Episode 1 was our intro, and we covered a lot: pagination, filtering and a ton about serialization: how our API resource objects are turned into JSON and how the JSON sent by the user is turned back into those same objects.

Episode 2 was about security and included things like state processors - the key to running code before or after saving - custom fields, validation, voters, and more.

Custom Api Classes?

That's all good stuff. But, so far, all of our #[ApiResource] classes have been Doctrine entities. And that's fine! But as your API starts to look different from your entities, making that work adds complexity: serialization groups, extending normalizers, etc. At some point, it becomes easier and clearer to stop using your entity directly for your API and, instead, create a dedicated class. That is the biggest focus of this tutorial... and it'll take us deep into the concept of state providers and processors... which are basically the core to everything.

Project Setup

All right people, let's do this! I recommend POSTing up and coding along with me: it's more fun, and you'll get more out of this. Download the course code from this page and, when you unzip it, you'll find a start/ directory with the same code that I have here - including the all-important README.md file, which contains all the deets to get this tutorial running.

The last step is to spin over, open a terminal into the project, and run

symfony serve -d

to start the built-in web server at https://127.0.0.1:8000. Say hello to: Treasure Connect! This is the same app we built in episodes one and two. I have made a few small changes - including fixing a few deprecations - but nothing major.

The most important page is /api where we can see our two API resources: Treasure and User. And we made these fairly complex! We have sub-resources, custom fields, complex security, etc. But again, for both DragonTreasure and User, the #[ApiResource] attribute is above an entity class. In a bit, we'll re-create this same API setup, but with dedicated classes.

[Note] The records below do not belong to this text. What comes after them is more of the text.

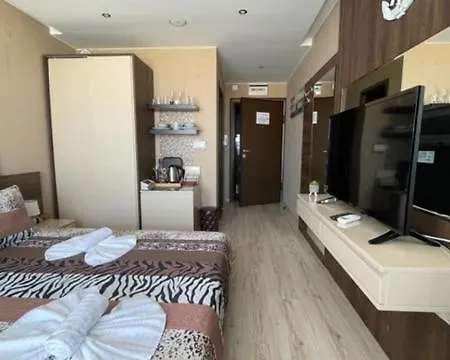 Sea View Studio On The Top Floor In Paradiso 508 Apartment *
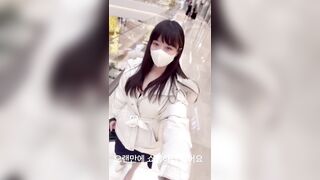 lọt clip em Hàn Quốc mong.seri lén lút tốc váy show hàng dưới gầm bàn cafe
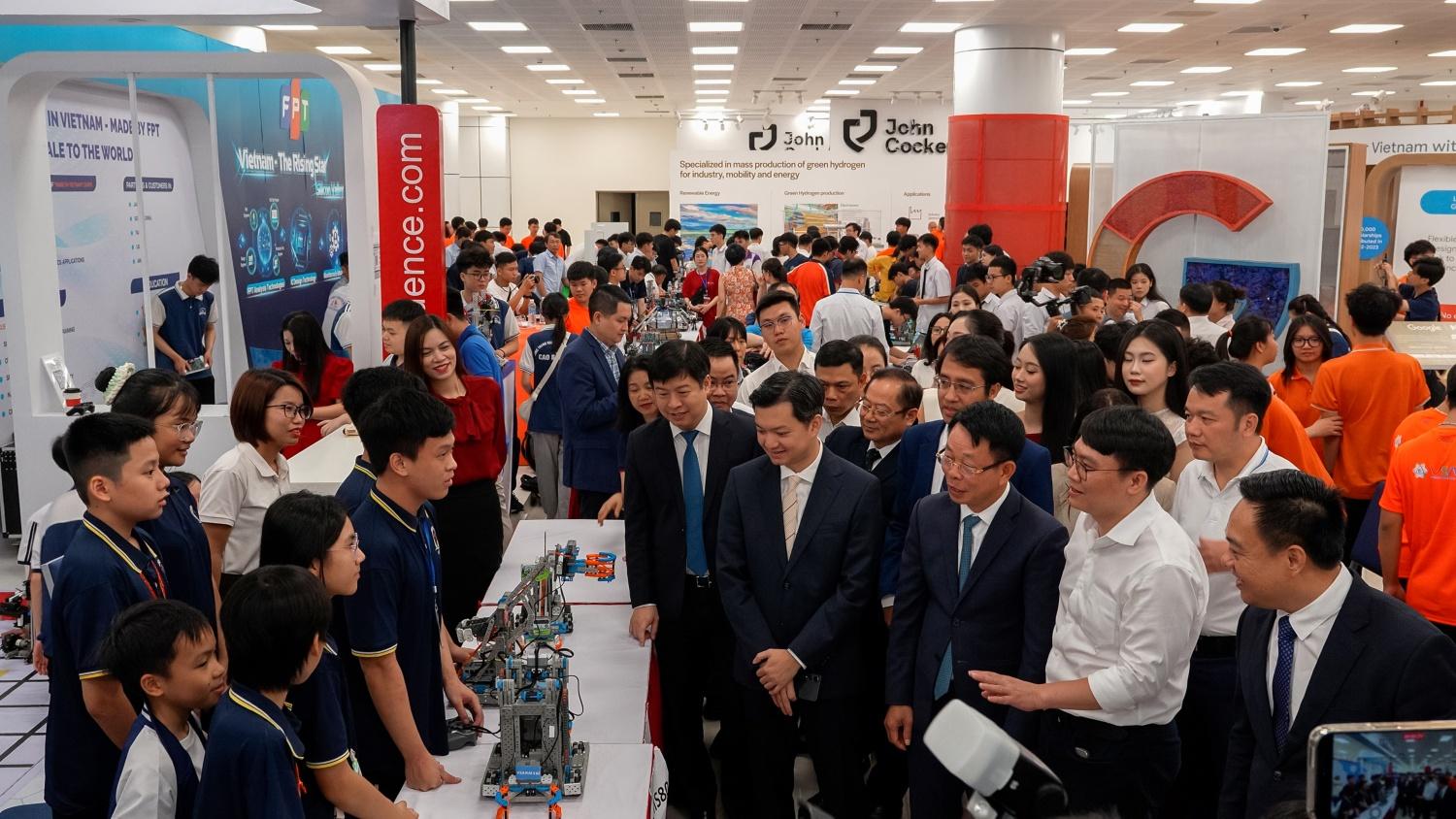[Chùm ảnh] 37 trường STEM Innovation Petrovietnam hội tụ tại vòng chung kết VSAR 2025-2026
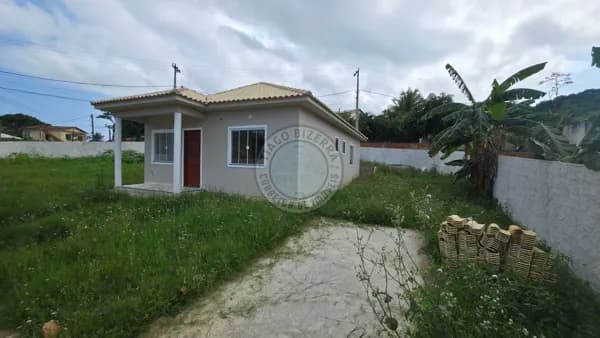 Aconchegante com Amplo Terreno e Excelente Localização em Bambuí - Maricá/RJ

307 lines | src/Entity/User.php
// ... lines 1 - 27
#[ApiResource(
// ... line 29
operations: [
new Get(),
new GetCollection(),
// ... lines 33 - 43
],
normalizationContext: ['groups' => ['user:read']],
denormalizationContext: ['groups' => ['user:write']],
// ... lines 47 - 50
)]
#[ApiResource(
uriTemplate: '/treasures/{treasure_id}/owner.{_format}',
operations: [new Get()],
// ... lines 55 - 65
)]
// ... lines 67 - 69
class User implements UserInterface, PasswordAuthenticatedUserInterface
// ... lines 71 - 307

Custom Controllers? Event Listeners?

Before we hop in, I'm going to search for "API platform extending" to find one of my favorite pages on the API Platform documentation. It answers a simple but powerful question: what are all the different ways that I can extend API platform? For example, state processors are the best way to run code before or after you save something: a topic we talked about in the last tutorial.

So, this page is great and I want you to know about it. But I'm also here to mention a couple of things that we are not going to talk about. First, we are not going to talk about building operations with custom controllers. Heck, that's not even in this list! The reason: there's always a better way - a different extension point - to do that. For example, you might create a custom operation or even a custom ApiResource class with a state processor that allows you to do whatever weird work your custom operation needs.

We're also not going to talk about event listeners: these kernel events. It's for the same reason: there are different extensions points we can use. These events also only work for REST: they won't work for GraphQL. And... it looks like the next version of API Platform - version 3.2 - may even remove these events in favor of a new internal system that leverages state providers and state processors even more.

Ok team: time to get to work. Next, let's use a state provider to add a totally custom field to one of our API resources. But unlike when we did this in the previous tutorial, this field will be properly documented in our API.